Uno scavo che parla di mille anni
Scendere nell'area archeologica significa entrare letteralmente sotto il livello stradale della Bari moderna. I resti visibili testimoniano una stratificazione che va dall'epoca tardoantica fino al medioevo, con tracce di strutture abitative, pavimenti musivi e murature che si intrecciano come pagine di un libro mai chiuso.
Le domus romane e bizantine emergono con i loro mosaici geometrici, mentre i segni di riutilizzo degli spazi raccontano una città che non ha mai smesso di reinventarsi. La luce naturale filtra dall'alto, creando un'atmosfera sospesa tra il sacro e il quotidiano.
- Mosaici pavimentali di epoca bizantina con motivi geometrici ancora ben conservati
- Resti di strutture abitative sovrapposte che mostrano l'evoluzione urbanistica
- Frammenti di ceramiche e materiali che documentano la vita quotidiana
- Murature stratificate che raccontano secoli di trasformazioni architettoniche
Il cuore archeologico della Bari vecchia
Ciò che rende unico questo sito è la sua collocazione nel tessuto urbano vivo. Non è un'area isolata, ma un punto di incontro tra passato e presente, dove i turisti e i baresi stessi possono toccare con mano le radici della città. La vicinanza alla Basilica di San Nicola e al Castello Normanno-Svevo crea un percorso ideale per chi vuole immergersi completamente nella storia millenaria di Bari.
La visita è un'esperienza intima e raccolta: non aspettatevi grandi estensioni, ma piuttosto la possibilità di osservare da vicino dettagli preziosi.
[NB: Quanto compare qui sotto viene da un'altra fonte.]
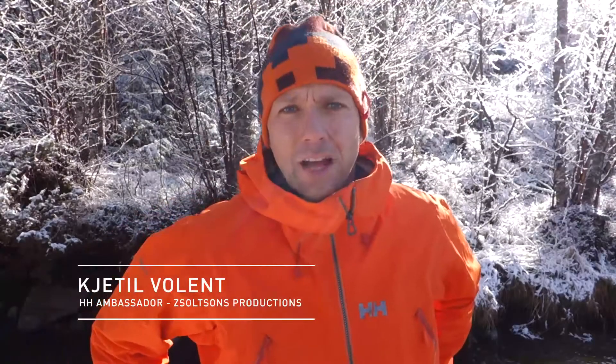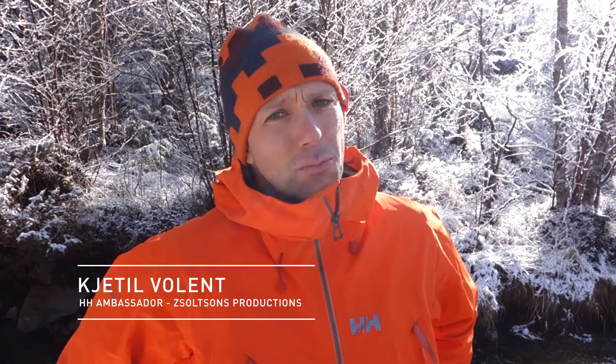Hi, I'm Kjetil Wolland and I'm a Helly Hansen ambassador doing mostly skiing and I'm a part of the Scholtzson production team. Today I'm going to show you the fantastic Odin mountain jacket.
L'illuminazione studiata valorizza i particolari architettonici e permette di apprezzare la qualità delle decorazioni musive.
Consigli per vivere al meglio la visita
Il momento migliore per visitare l'area archeologica è al mattino, quando la luce naturale è più morbida e la città vecchia si risveglia lentamente. Dopo la visita, perdetevi tra i vicoli circostanti: troverete botteghe artigiane, panifici storici e scorci fotografici mozzafiato.
Combinate la visita con una passeggiata lungo il lungomare di Bari Vecchia, dove il mare Adriatico incontra le mura della città antica. Per gli appassionati di archeologia, il Museo Archeologico di Santa Scolastica, a pochi minuti a piedi, offre ulteriori reperti e approfondimenti sul territorio pugliese.
- Portate una macchina fotografica: i giochi di luce sui mosaici sono spettacolari
- Indossate scarpe comode per esplorare anche i vicoli della Bari vecchia
- Dedicate almeno un'ora alla visita per apprezzare ogni dettaglio senza fretta
Questo piccolo tesoro archeologico è una finestra autentica sulla Bari che fu, un luogo dove la storia smette di essere astratta e diventa tangibile, visibile, emozionante.